Our conclusions regarding the
predictive validity of crash test ratings are decidedly mixed by vehicle type. For passenger cars, our analyses lead to the
strongest evidence to date supporting the predictive validity of crash test
ratings for driver fatality risk: In our
main analysis, we find statistically significant differences in fatality risk
for NHTSA one-, two-, three-, and four-star ratings compared to five star
ratings, with our estimates indicating a 7% to 36% increase in driver deaths
compared to a vehicle with a five-star rating.
The only anomaly in our results for the NHTSA star ratings is that the
two-star rating has the highest risk (a 36% increase in deaths relative to a
five-star rating versus 18% for the one-star rating). The size of these estimates are consistent
with the estimates in Kahane (1994), but while he found no statistically significant
evidence of differences in fatality risk between better and average crash test
we do observe statistically and practically significant differences between
five-star ratings and four- or three-star ratings. For trucks (pickups, sport utility vehicles,
minivans, and vans), however, we find no statistically significant differences
in fatality risk for different NHTSA star ratings (and even the order of the estimates
does not correspond to the star ratings).

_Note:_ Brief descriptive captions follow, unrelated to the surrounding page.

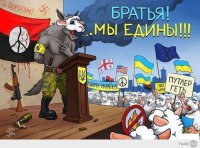 Потерянная Украина и вернувшаяся Россия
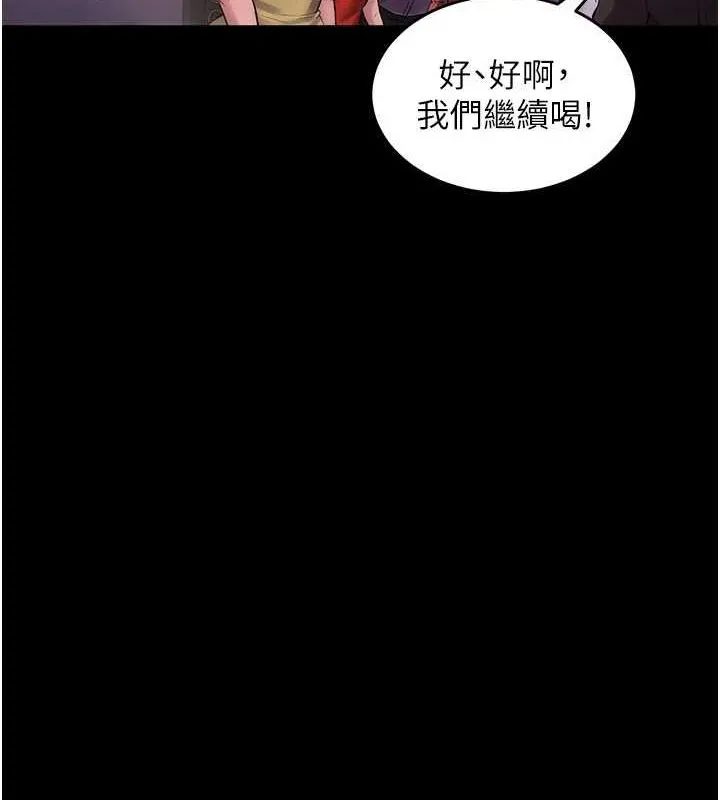 狱火重生 第2话 沒聽到叫妳用身體還嗎? - 第248页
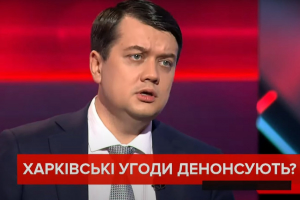 Парламент знайде необхідну кількість голосів, щоби денонсувати Харківські угоди – Разумков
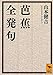 芭蕉全発句 (講談社学術文庫)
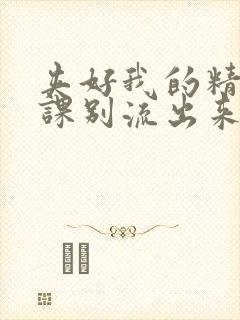 夹好我的精去上课别流出来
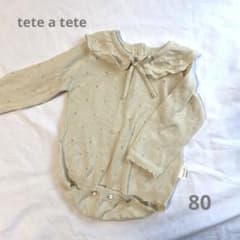 【tete a tete】ニットロンパースのサムネイル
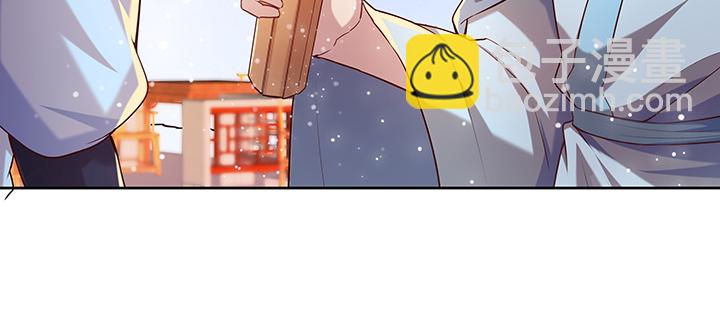 《超凡传》159话 亏与不亏 第34页
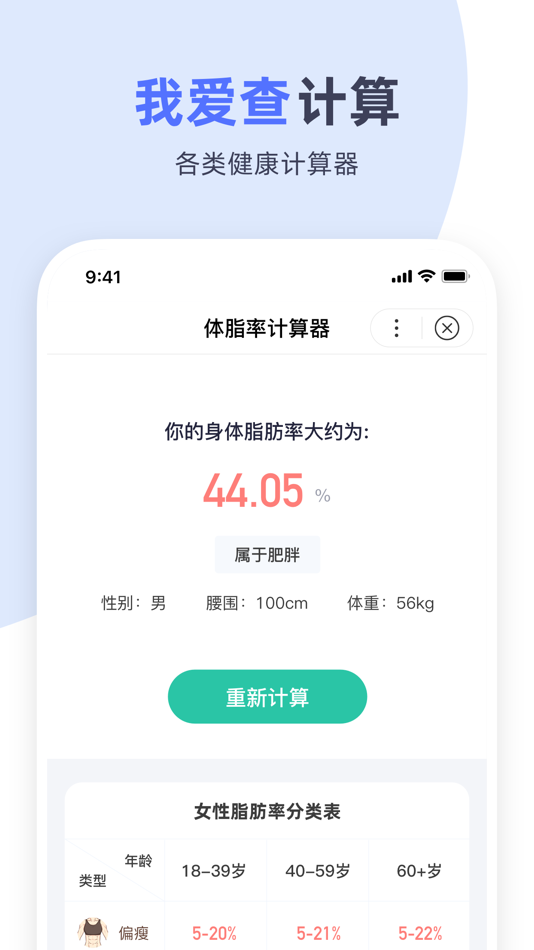 #4. 我爱查小工具 (iOS) Podle: Qingdao Colorful Fashion E-Commerce Co., Ltd.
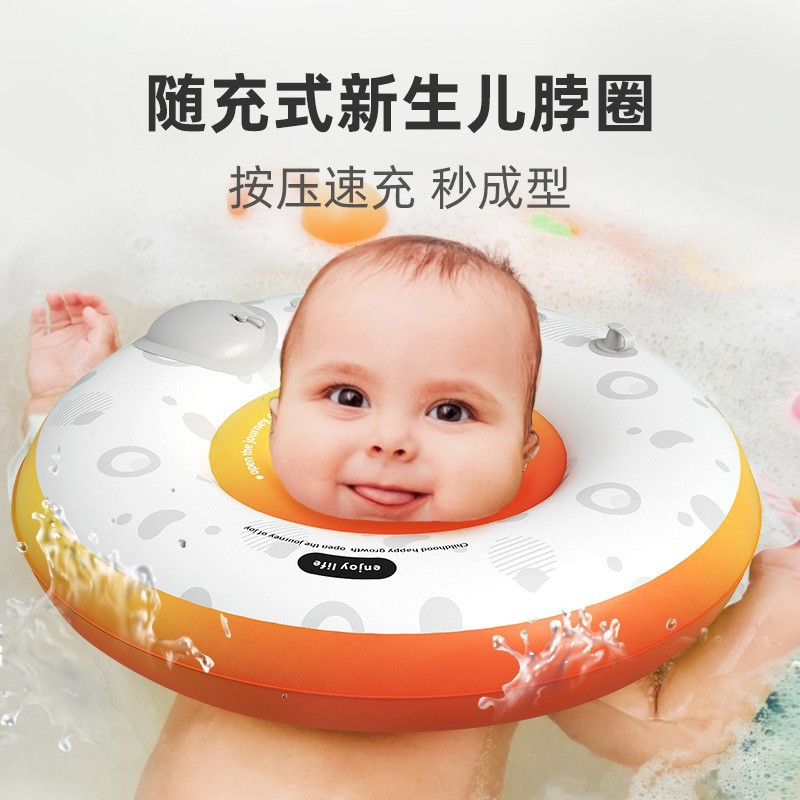 婴儿游泳圈洗澡专用玩具水上辅助用品卡通印花充气泳圈宝宝专用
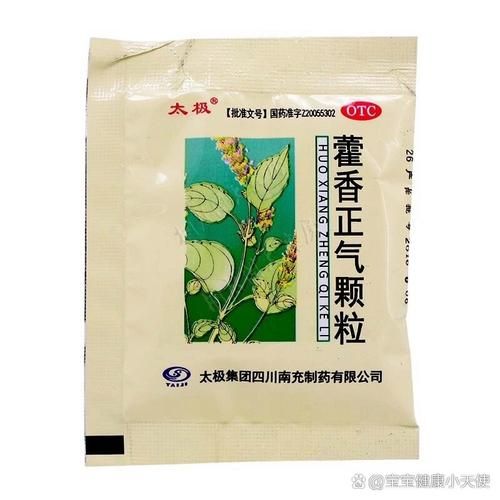 八个月宝宝发烧呕吐怎么办_八个月宝宝发烧呕吐吃什么药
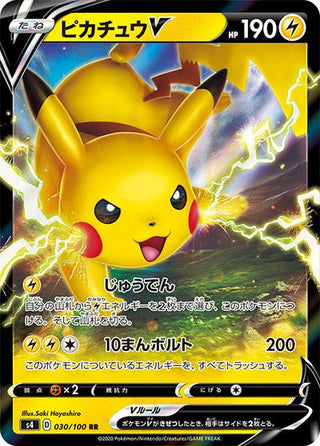 {030/100}Pikachu V RR | Japanese Pokemon Single Card - PokeNinJapan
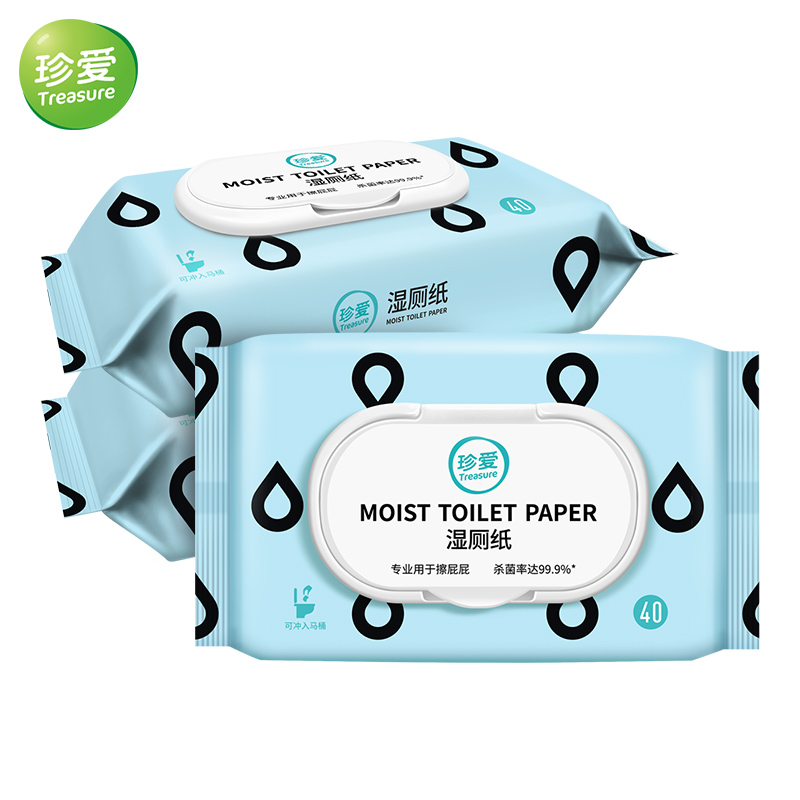 Rare Love Wet Toilet Paper 40 Pieces x3 Bag Adult Private care Home Wet Toilet Towels Clean Sanitary Wet Towels Flush Toilet-Taobao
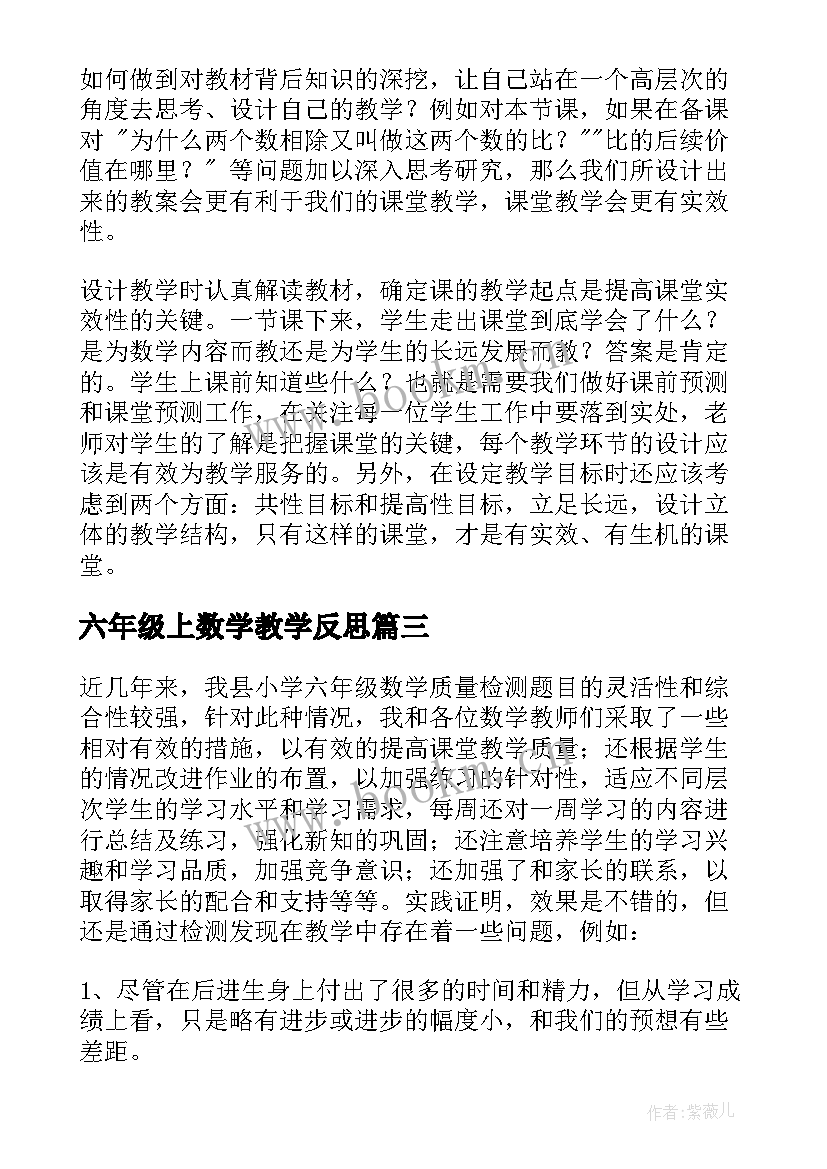 六年级上数学教学反思 六年级数学教学反思(汇总7篇)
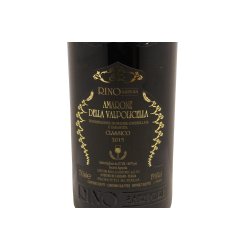 AMARONE DELLA VALPOLICELLA DOCG CLASSICO 2016
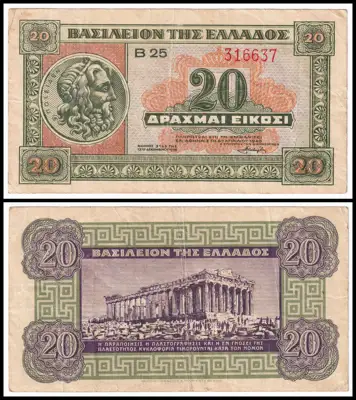 Снимка за обява „🇬🇷 Гърция 1940 20 драхми 🇬🇷“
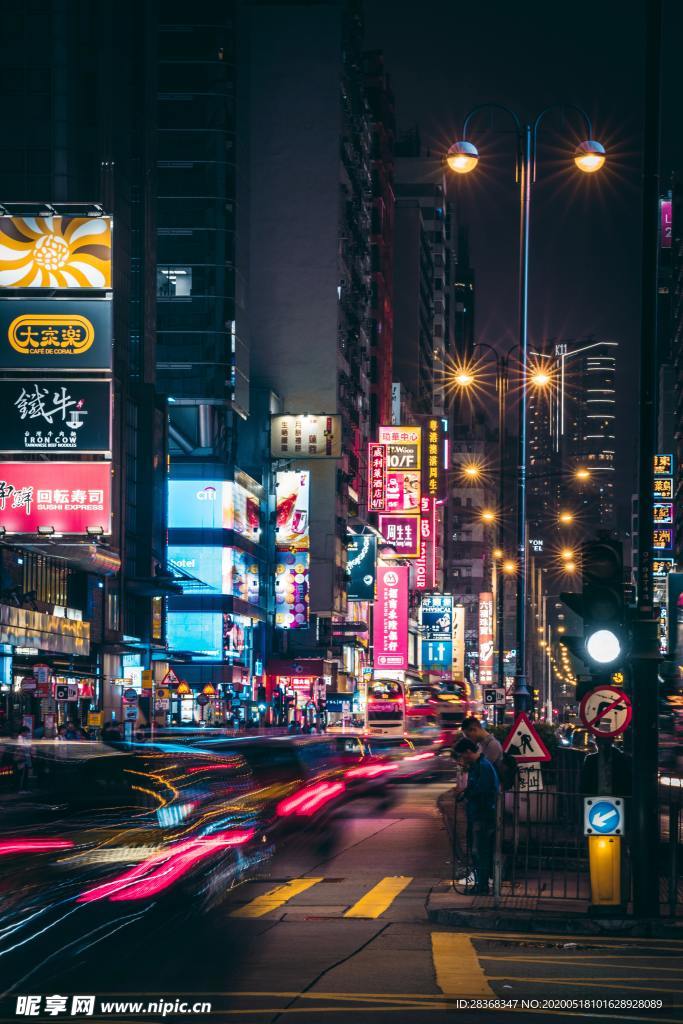 都市风光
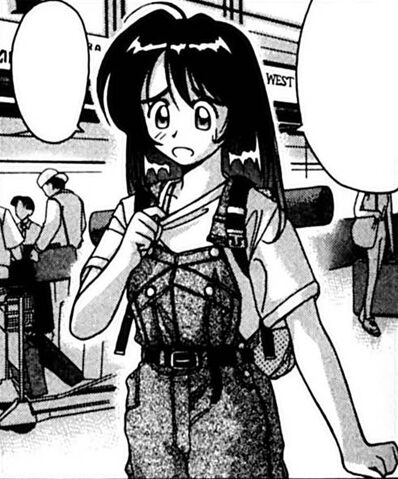 File:Yayoi1.jpg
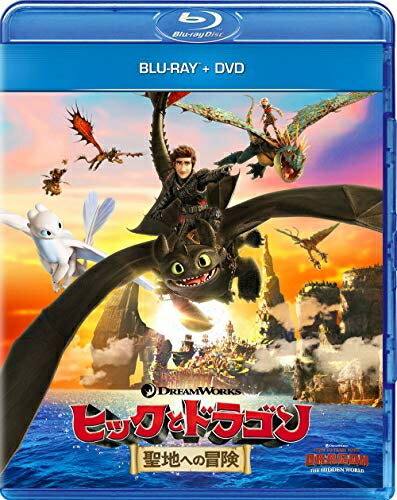 【中古】 ヒックとドラゴン 聖地への冒険 ブルーレイ+DVD [Blu-ray]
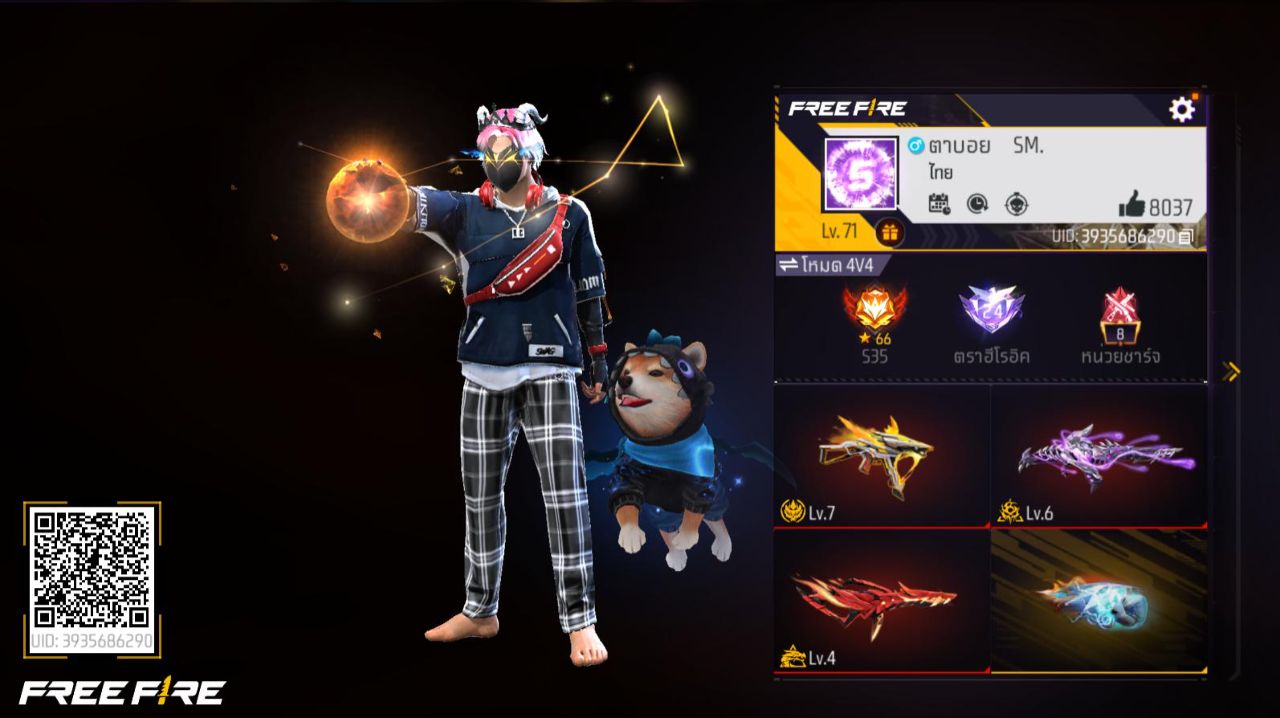 FREEFIRE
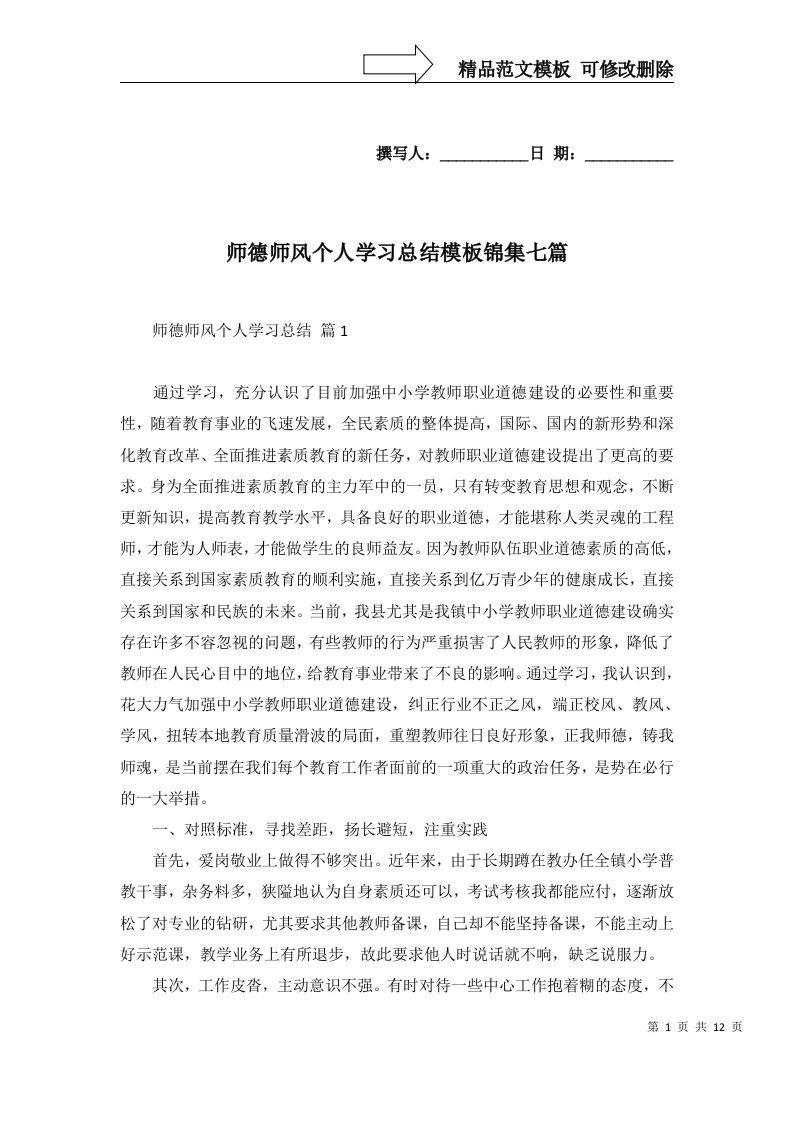 2022年师德师风个人学习总结模板锦集七篇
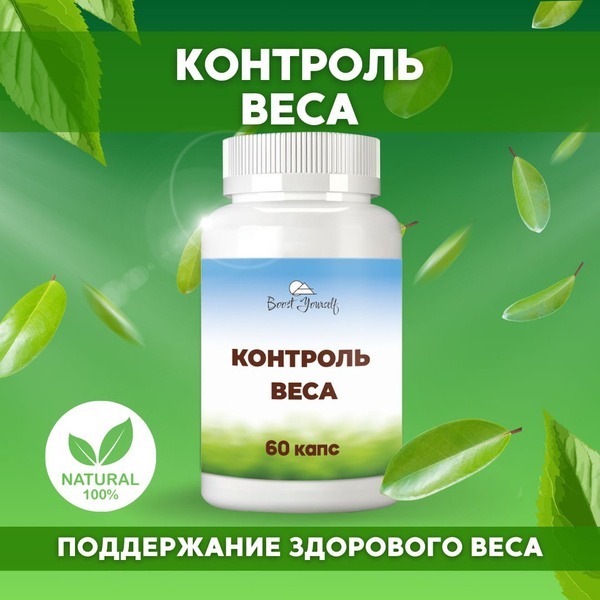 Fat Burning Pills for Women: Top Weight Loss Supplement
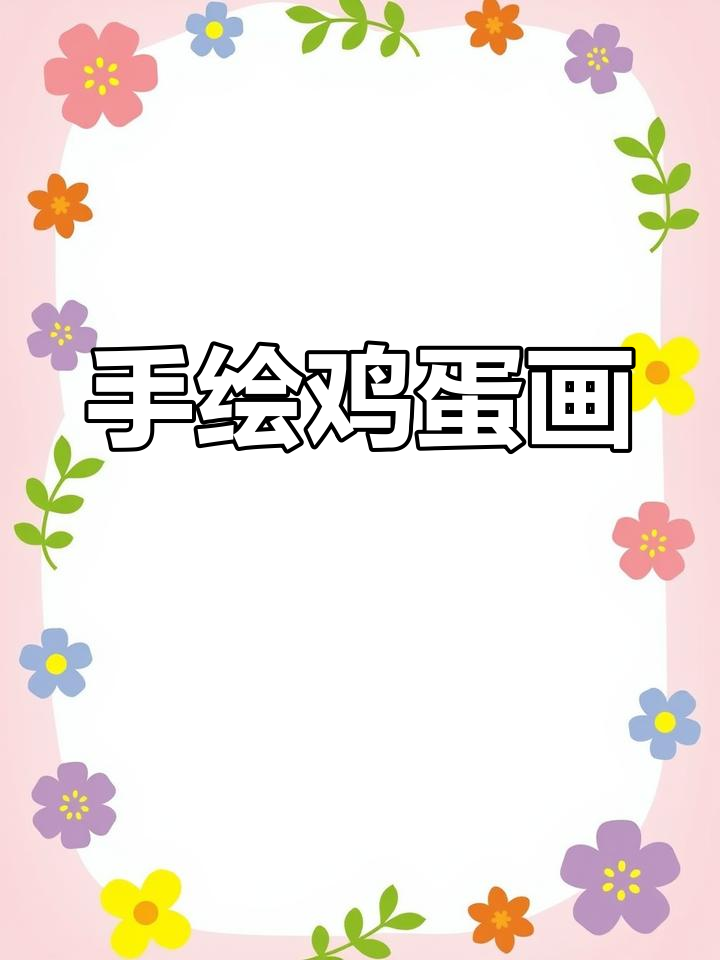 清明时节雨纷纷,牧童遥指杏花村:手绘鸡蛋画展示非遗文化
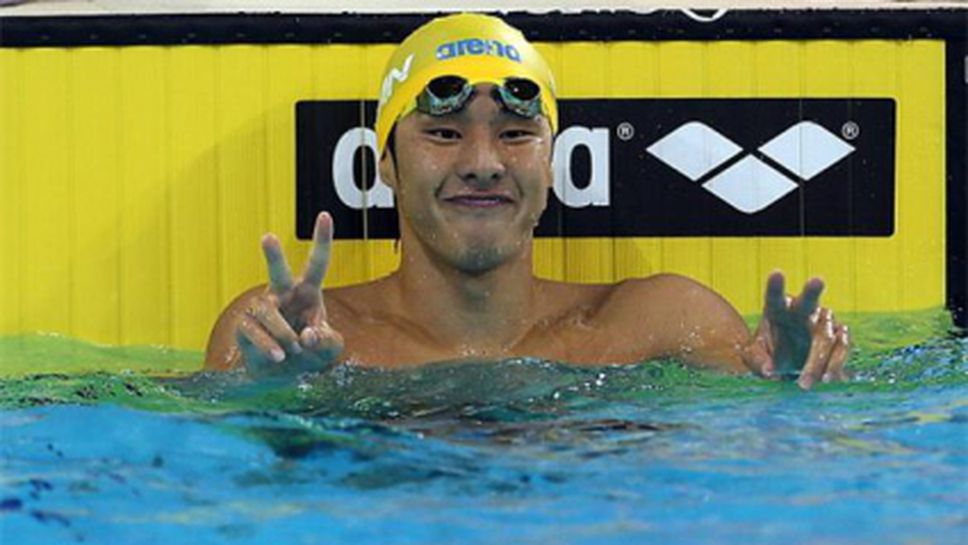 Японец триумфира на 400 метра съчетано плуване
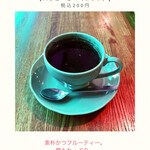 User's review image for ブリ・マデ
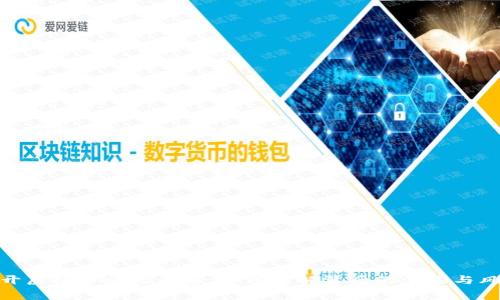 揭开虚拟币操控内幕：如何理解背后的黑幕与风险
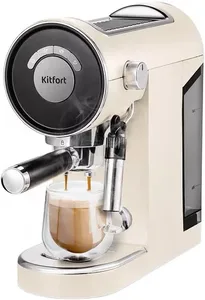 Кофеварка KITFORT KT-783-1 (бежевая) на скидке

We also examined vehicle lines tested twice or more in IIHS offset crash tests. While acknowledging the limitation of a sample size of approximately one-fifth the size for the NHTSA crash tests, the pattern of results was similar to that for the NHTSA ratings. In our main analysis of passenger cars, we found large, statistically significant differences in risk for vehicles rated "Poor" and "Marginal" compared to vehicles rated "Good"; for trucks, however, there were no statistically significant differences and the point estimates did not correspond to the IIHS ratings (e.g., the point estimate for a rating of "Poor" suggested a 31% fewer driver deaths compared to a rating of "Good"). Finally, among the 22 passenger car vehicle lines tested twice or more by both IIHS and NHTSA, we provided evidence that the two types of crash tests provided different information (because, for example, the tests showed differences even in the direction of the ratings at when retests occurred), but that both sets of ratings predicted driver fatality risk. Hence, our tentative evidence, based on just 22 passenger car vehicle lines, suggests that the two crash test types provide complementary information about passenger car safety.